1. By this appeal under Section 28(1) of the Hindu Marriage Act 1955 (‘Act’ for short hereinafter), the appellant original petitioner has challenged the judgment and decree passed in Hindu Marriage petition No. 3 of 1988 on 21/3/1991 by District Court, Valsad, Navsari.

2. A few relevant facts giving birth to the present appeal may, shortly, be stated at the outset.

3. The present appellant is the original petitioner-husband and the respondent is the original petitioner No. 2-wife, who were hereinafter adressed to as ‘Husband’ and ‘wife’ for the sake of convenience and brevity. Both of them made a joint application under Section 13-B of the Act for mutual divorce. The parties arc Hindu. Their marriage was performed on 27/2/1977 as per Hindu rites, at Navsari. Two daughters were born out of the said wedlock. One daughter Niyanta was born on 18/6/1978 and second daughter Nikita was born on 5/4/1980. Both of them, i.e. husband and wife, are serving at different places. There was differences of opinion between the spouses which ultimately culminated into decision to take divorce by mutual consent. It was therefore decided to resort to Section 13-B of the Act.

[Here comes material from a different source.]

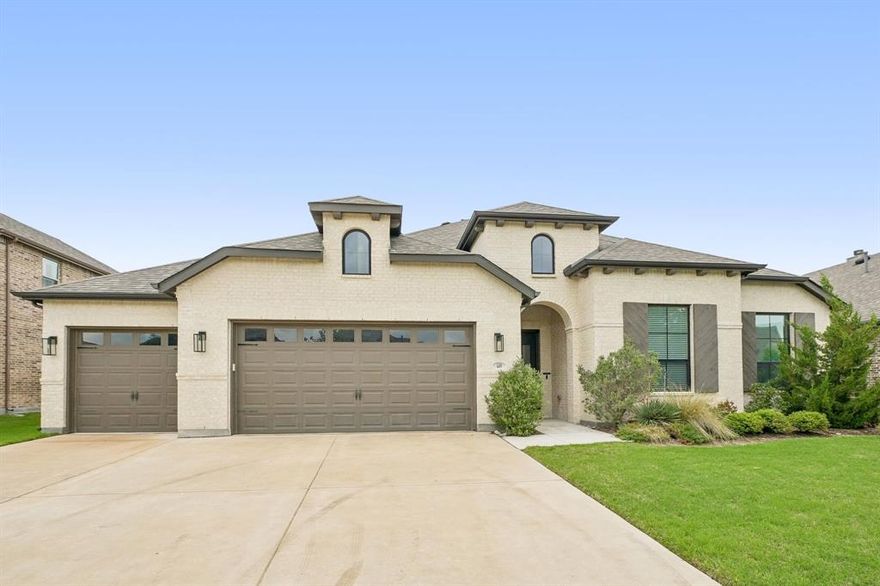 Click the Virtual Tour link to view the 3D walkthrough. Well-maintained and beautifully designed single-story home featuring a 3-car garage and a spacious open floor plan. The living, kitchen, and dining areas flow seamlessly together, highlighted by a cozy fireplace, large kitchen island, and ample countertop space—perfect for everyday living and entertaining. Enjoy flexible living with a bonus room ideal for a game room and a front room currently used as a home gym. The spacious primary suite offers a full bath with separate tub and shower, while the fenced backyard and covered patio provide the perfect space to relax or host gatherings—this is one you don’t want to miss! Discounted rate options and no lender fee future refinancing may be available for qualified buyers of this home.
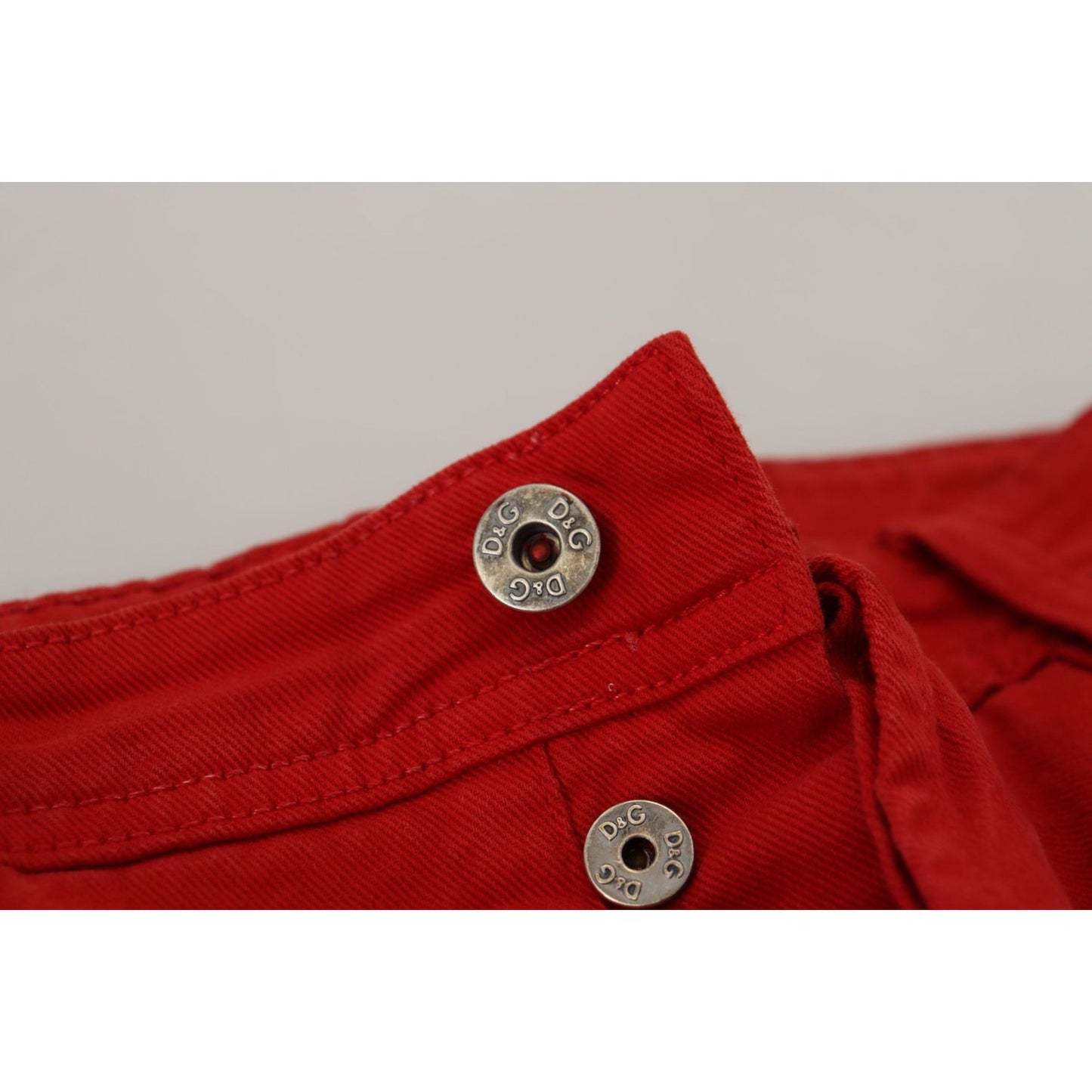 Dolce & Gabbana Chic Red Cotton Denim Pants Dolce & Gabbana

4. The custody of minor daughters has been with wife. The husband had filed divorce petition against the wife at Baroda District Court being Hindu Marriage Petition No. 86/83, which came to be dismissed, on 16/9/1986. The husband had carried it further by filing an appeal in the High Court. The wife had preferred Criminal Misc. Application No. 54/84 in the Court of Navsari for the maintenance of her minor daughters, under Section 125 of the Code. The maintenance was awarded to both the daughters. The Revision Application No. 76/85 and 77/85 came to be preferred in the Sessions Court, at Navsari, against the order of maintenance to the daughters. Both the revision applications were dismissed. The wife had carried the matter further in the High Court, challenging the decision in the revision. In the meantime the husband had preferred an application in the District Court at Navsari inter alia, praying for custody of both the minor daughters against the wife on 15/6/1987. The aforesaid series of litigations between the spouses would indicate that their relations were not only not cordial but very much strained. Thereafter, with the aids of well-wishers, friends and relations two meetings were held on 29/11/1987 and 6/12/1987, wherein the problems faced by the spouses were discussed and threshed out. Since it was not possible to bring about reconciliation and restore the cordial relationship, it was decided to permanently separate from each other. In short, it was decided by both the spouses to recourse to mutual divorce under the provisions of Section 13-B of the Act. It was mutually decided and simultaneously certain terms and conditions were also settled.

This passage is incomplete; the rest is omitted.